[Captioned web image data]
----------------
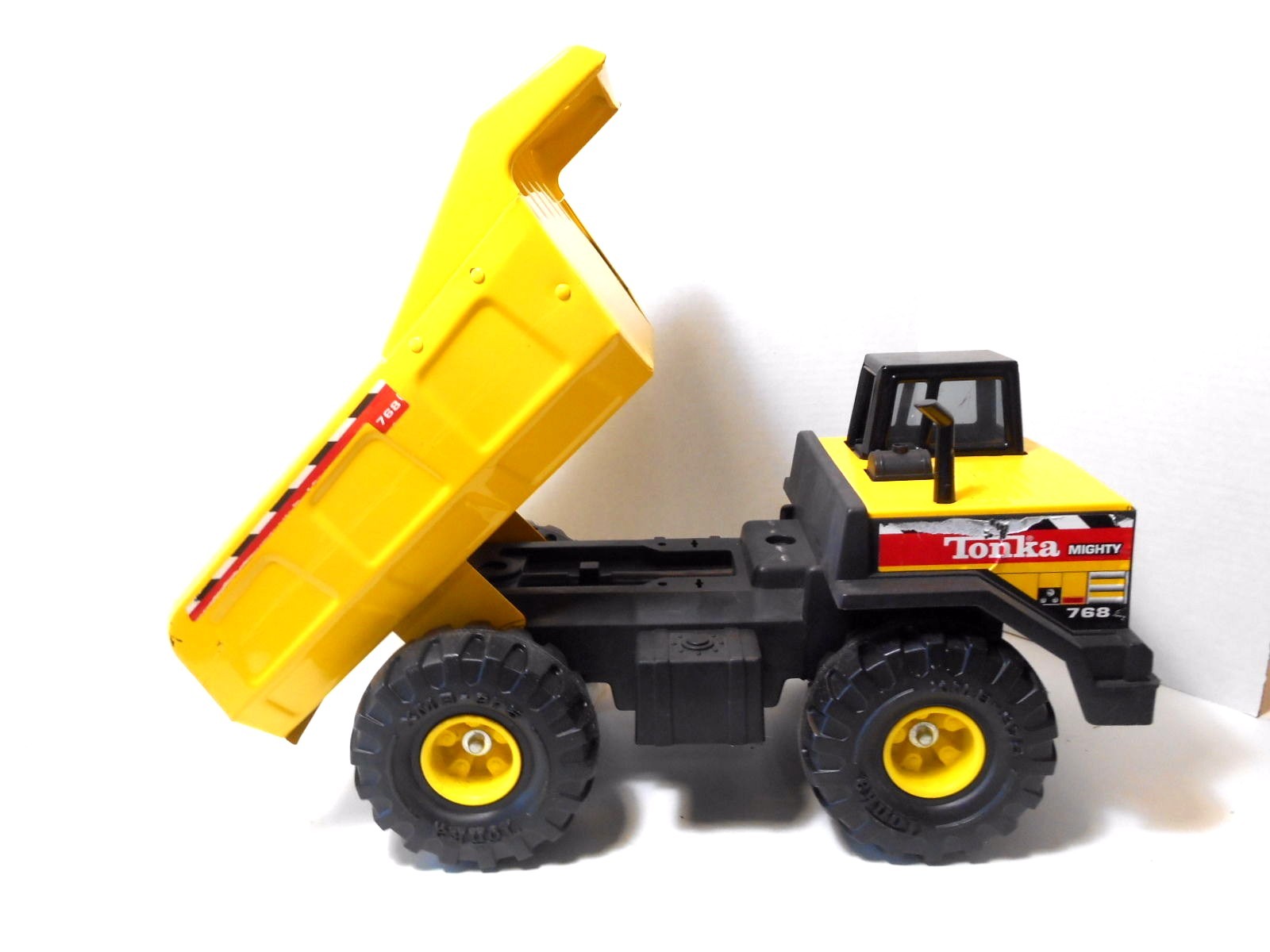 Tonka Mighty 768 Dump Truck Pressed Steel & Plastic XMB – 975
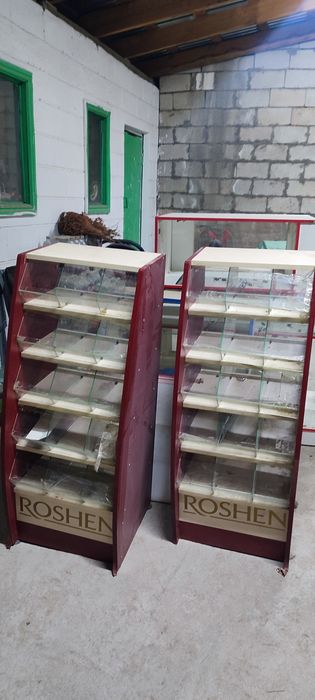 Продам б/у торговые полки для магазина.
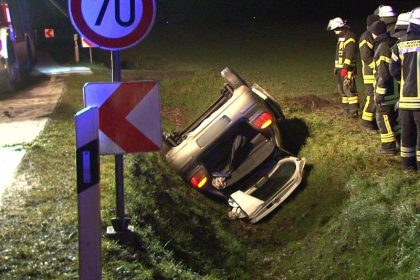 Auto überschlägt sich mehrfach – Fahrer steigt vorher aus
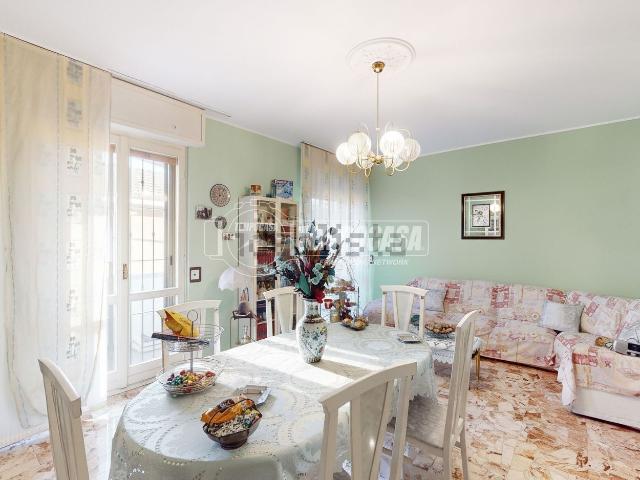 Appartamento in vendita di 135 m² in Via Roma, 11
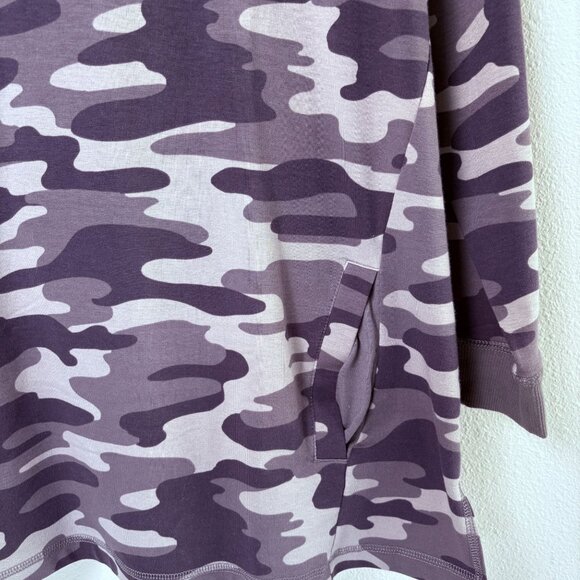 Denim & Co Active Camo French Terry Tunic Top Size L Gray Pockets Long Sleeve - Picture 3 of 13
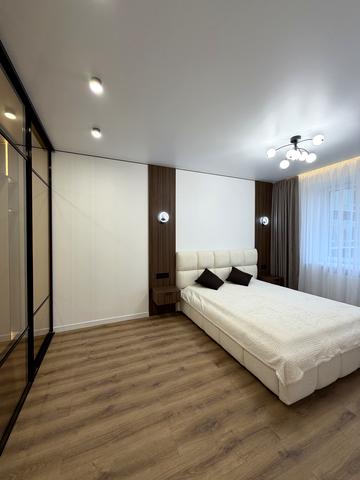 Августина Волошина вул., (Будинок 2)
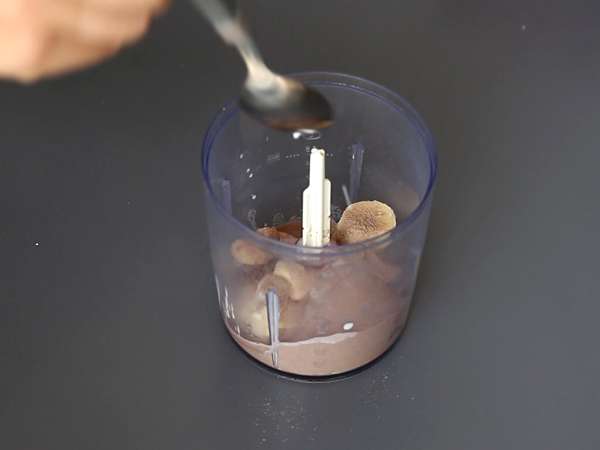 Czekoladowe super lody białkowe z serwatki, gotowe w 5 minut! - Przygotowanie krok 2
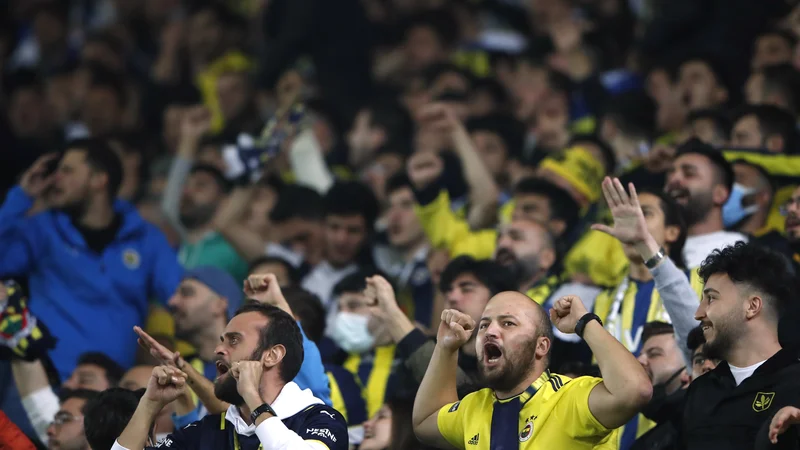 Fotografija: Pričakovati je, da bodo odgovorni pri Evropski nogometni zvezi (UEFA) ukrepali in kaznovali navijače Fenerbahčeja. FOTO: Umit Bektas/Reuters
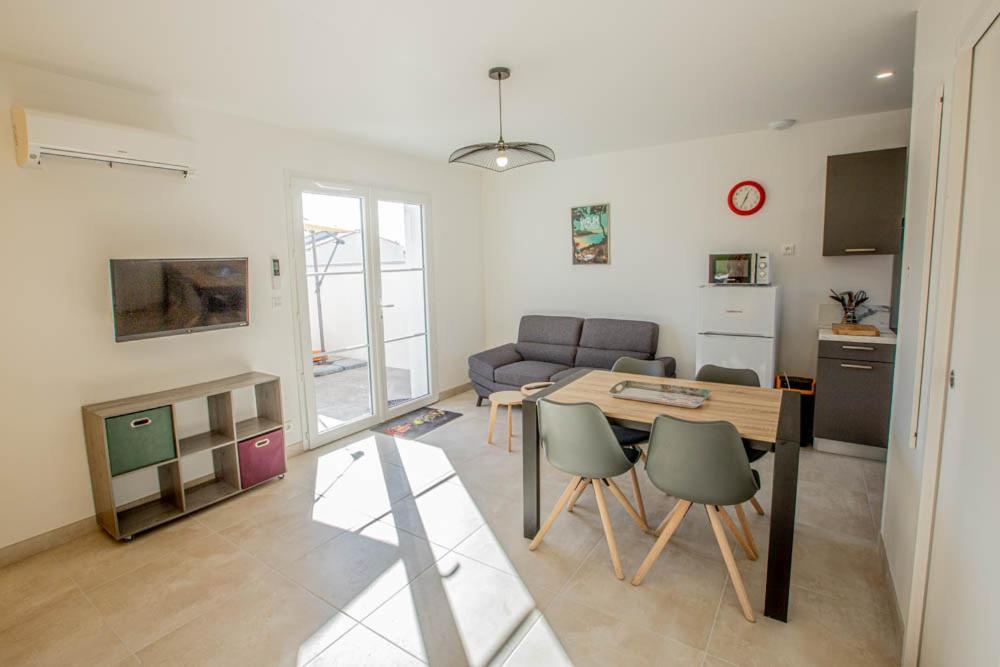 Le Vaisseau Maison Avec Piscine/Parking/Wifi/Plages 5Kms Ле-Мат Экстерьер фото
----------------
*Problem details:*
Return verbatim every line from the line containing "Августина Волошина вул., (Будинок 2)" to the last line of the entries above, inclusive, and leave out the pictures.

*Task response:*
 Августина Волошина вул., (Будинок 2)
 Czekoladowe super lody białkowe z serwatki, gotowe w 5 minut! - Przygotowanie krok 2
 Fotografija: Pričakovati je, da bodo odgovorni pri Evropski nogometni zvezi (UEFA) ukrepali in kaznovali navijače Fenerbahčeja. FOTO: Umit Bektas/Reuters
 Le Vaisseau Maison Avec Piscine/Parking/Wifi/Plages 5Kms Ле-Мат Экстерьер фото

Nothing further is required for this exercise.